Technologies and computational tools

Metabolomics

Metabonomics portrays a well-recognized SM approach involving the study of metabolic responses to stimuli with the aim to understand the dynamics as well as organ-specific biochemical responses [47, 48]. Metabolomics generates multivariate information in cells, tissues and multi-compartmental biological systems, which are a reflection of changes in biological processes [31, 49, 50]. By the global study of low molecular weight compounds (<1500 Da), it provides the characterization of individual metabolic phenotype. Because specific physiological states, gene expression and environmental stressors can cause changes in the steady state of a biological system, monitoring metabolic perturbations provides a unique insight into intra- and extracellular regulatory processes involved in the metabolism [51-53]. To analyze the metabolites, compromising the metabolome, at different concentration and in multiple cellular compartments, different analytical technologies are jointly used. These metabolites include intermediaries of the metabolism, signaling molecules such as hormones and other secondary metabolites [48]. These techniques are mainly based on 1H nuclear magnetic resonance (NMR) and mass spectrometry coupled gas/high-performance liquid chromatography, with the addition of ultrahigh-performance liquid chromatography systems coupled to mass spectrometry [54]. NMR-based metabolomics provides efficient high-throughput analysis to holistically profile hundreds of metabolites with no a priori selection, while MS is characterized by its increased sensitivity, allowing precise quantification but, owing to increased steps in sample preparation, on a reduced number of samples. The two methods are comprehensively used to generate multivariate information, which are then de-convoluted, by advanced statistical tools, to provide meaningful biological readouts [55, 56]. Metabolomics applications are today directly implemented to large population-based studies to enhance our understanding of the role of genetics, environmental factors and their interactions on individual susceptibility to disease and health [57].

Epigenomics

The inclusion of epigenetic data could play a consistent role in SM applications. The term ‘epigenetics’ defines the interplay between the genetic background and the environment that, through different molecular mechanisms, eventually produces the observed phenotypes. In particular, epigenetic mechanisms influence the expression of the genes and the penetrance of the different allelic variants, without changing, in term of sequence, the DNA [58]. Among the different epigenetic mechanisms such as micro RNA, proteins ubiquitination, histone methylation and acetylation, one of the most studied one is the methylation of DNA. DNA methylation occurs in specific genomic sequences, i.e. the CpG dinucleotide motif, where a cytosine is followed by a guanine (Fig. 5). These CpG sites are about 30 million throughout the genome, and there are small genomic regions of about 500–2000 bp that are significantly enriched in CpG sites, which are called ‘CpG islands’, classified as genic CpG islands and non-genic CpG islands, if they map nearby a gene or if they map in a gene desert region accordingly [59].

Figure 5.

Single-probe versus region-centric approaches for the analysis of DNA methylation microarrays. CpG DNA methylation measured by Infinium 450 k microarrays is expressed as a continuous value ranging from 0 (the CpG site is unmethylated in all the analyzed DNA molecules) to 1 (the CpG site is unmethylated in all the analyzed DNA molecules). In the analysis of differential methylation between two groups of samples, single-probe and region-centric approaches return different results. Single-probe analysis favors genomic regions like the one reported in box A, where a unique CpG site strongly differs in its methylation value between group A and group B. In the genomic region reported in box B, on the contrary, differences in DNA methylation values between groups A and B are smaller, but they involve several adjacent CpG sites; this configuration is preferentially identified by a region-centric approach. In the figure, CpG sites are represented as lollipops. A colour version of this figure is available at BIB online: http://bib.oxfordjournals.org.
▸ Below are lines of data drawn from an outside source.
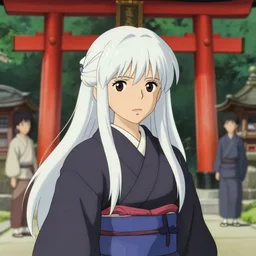 portrait of a young japanese girl with long white hair in traditional clothing at a shrine, fine detailed features, trending on pixiv fanbox, ilya kuvshinov makoto shinkai takashi takeuchi studio ghibli, akihiko yoshida, 4 k
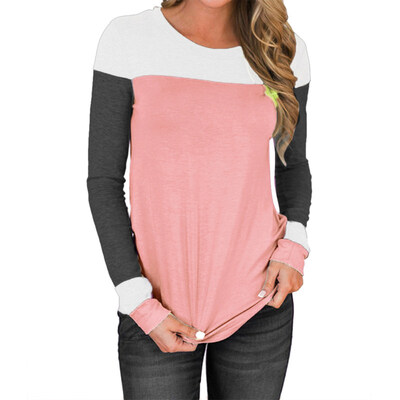 

Autumn Casual Color Block Women Long Sleeve Round Neck T-Shirt Slim Fit Top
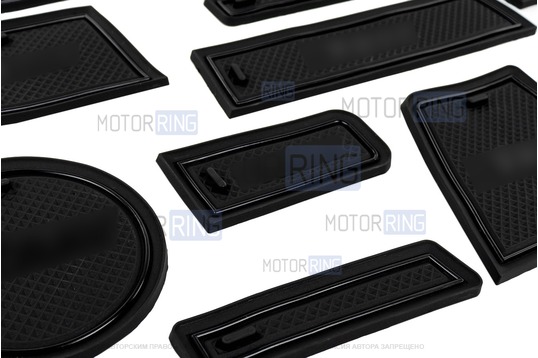 Комплект силиконовых черных ковриков панели приборов и консоли для Лада Икс Рей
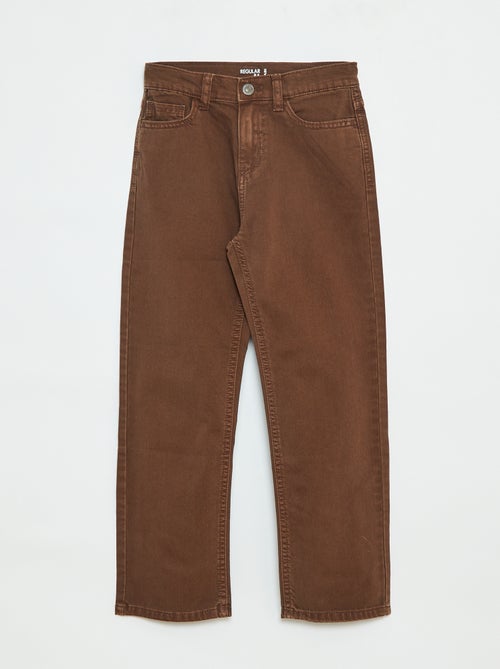 Calças de corte direito/regular fit com 5 bolsos - Kiabi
While the role of the non-genic CpG islands is still not clear, the genic CpG islands are well-recognized functional elements, whose methylation is often correlated with the expression of the nearby gene. Even though this is not a stringent rule, in general, the hypo-methylation of a genic CpG island is correlated with the hyper-expression of the correspondent gene, and vice versa, the hyper-methylation correlates with its hypo-expression. The state of the art in epigenomic technology is the NGS, which has been successfully applied to the study of the DNA methylation. The field of human aging has gained particularly benefits by these technologies. Indeed, the age-related methylation changes are among one of the major molecular remodeling phenomena that occurs during aging [60-62]. These results strongly support the idea that DNA methylation on the whole is deeply involved in the aging process and its related effects on physiological fitness. This poses DNA methylation as one of the sharpest arrows for the system medicine arch. Nevertheless there are many issues on the use of such data and on how integrate them with the other omics markers.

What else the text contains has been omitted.